Oh, and they finally caught a fairing half in the net. The other one landed in the water. Fairing reuse feels imminent at this point.
I’m unable to fulfill your requirement so I’ll have to bow out of discussing this point with you.
That’s too bad, I thought you were going to use your considerable ability to solve this sort of problem to work out how much payload could reach 100km altitude if you used the lowest stage of Peacekeepers in something that would look like this: Imgur: The magic of the Internet
Not that I’d want you to take that as a challenge.
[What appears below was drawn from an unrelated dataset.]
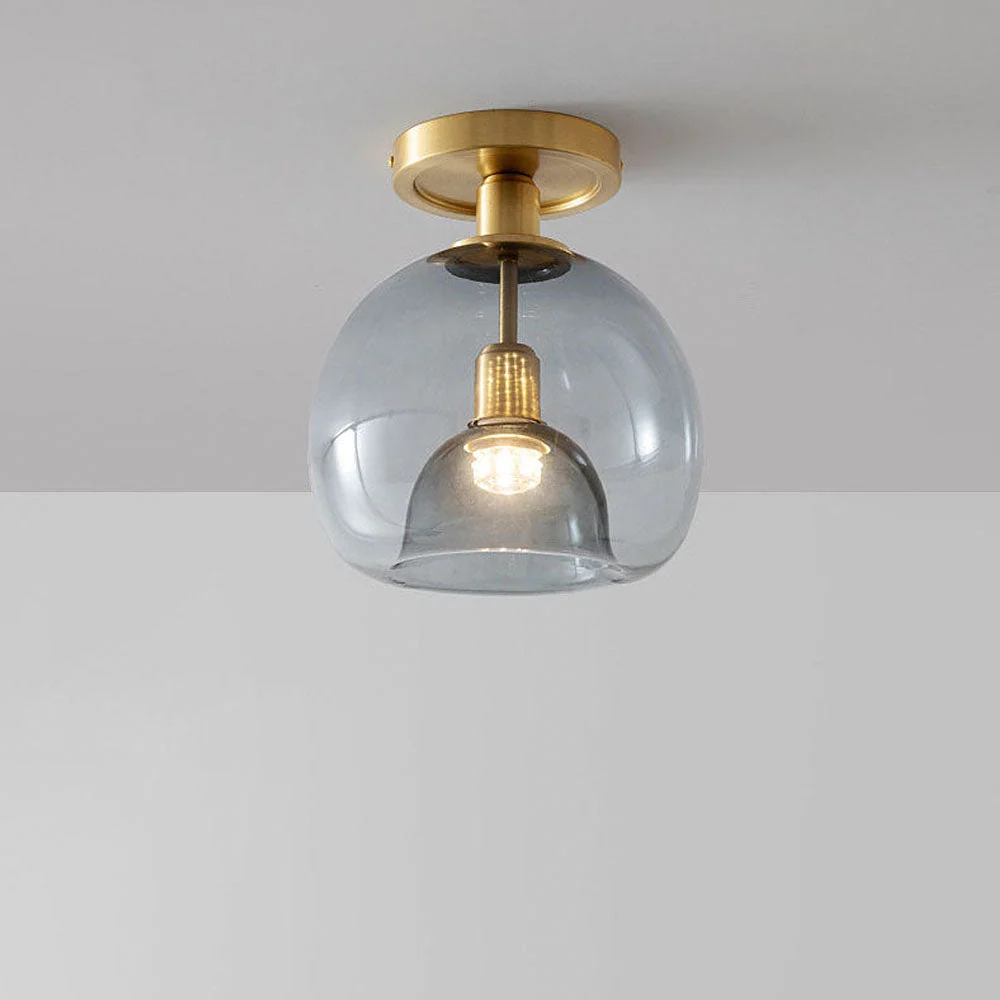 Modern Glass Ceiling Light | Clear Dome Brass Fixture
Does it need to, though? If you’re only carrying freight and have a clear area downrange, what’s so bad about a rocket blowing up? If going from 0.1% failure rate to 1% or even 10% failure rate decreases launch costs by an amount that makes up for the occasional Michael Bay theater, what does it really matter? Is the objective to increase access to space by lowering the average cost of putting a ton of payload into orbit or is it to have the fewest failures possible?
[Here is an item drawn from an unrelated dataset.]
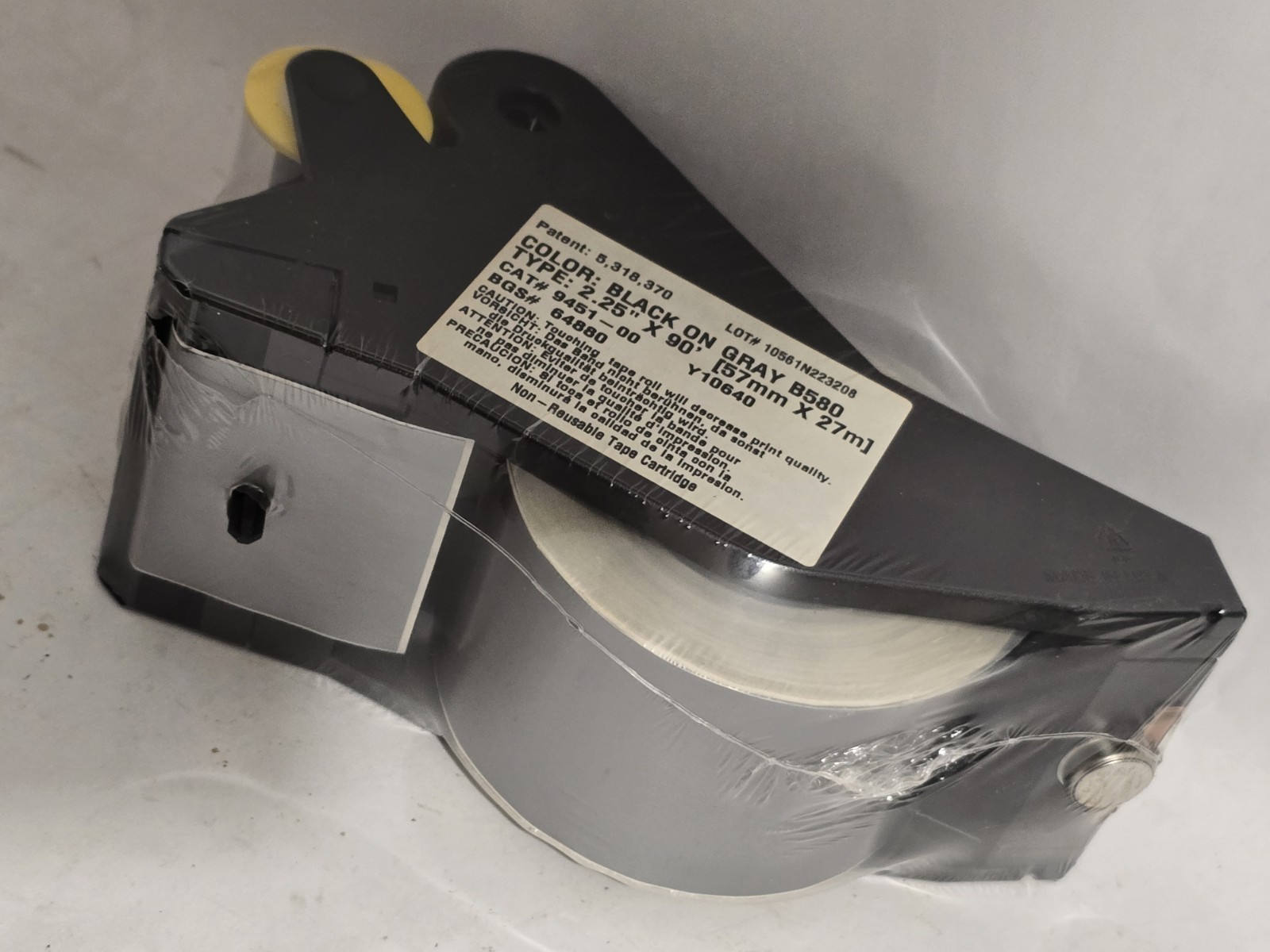 Brady B580 Black on Gray Tape 9451-00 Cartridge 2.25″ x 90′ (57mm x 27m) NEW.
Given that, from what I understand, the extensive testing is a big part of why spaceflight costs so much, the lack of ground testing doesn’t seem like such a problem. It’s deeming any significant risk unacceptable that drives up costs.
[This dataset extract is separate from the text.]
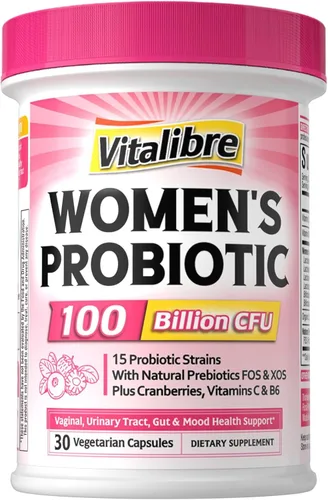 Vitalibre Probióticos para mujeres, 100 mil millones de UFC, 15 cepas, suplemento diario probiótico y prebiótico con arándano orgánico para apoyar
Even if it’s carrying people, it wouldn’t be the first instance where a significant chance of people getting hurt would be deemed acceptable. Much like the solid prop factory video you linked to, black powder factories used to be scary places to work but that didn’t result in governments, companies and employees considering them unacceptable to have and work in. It took a few centuries for canons and grenades to stop randomly blowing up and killing their users. Yet they were still considered worthwhile to use. Sea voyages used to be dangerous to undertake yet they were still undertaken. Maybe space vehicles are like 15th century canons and space travel is like 16th century Atlantic crossing.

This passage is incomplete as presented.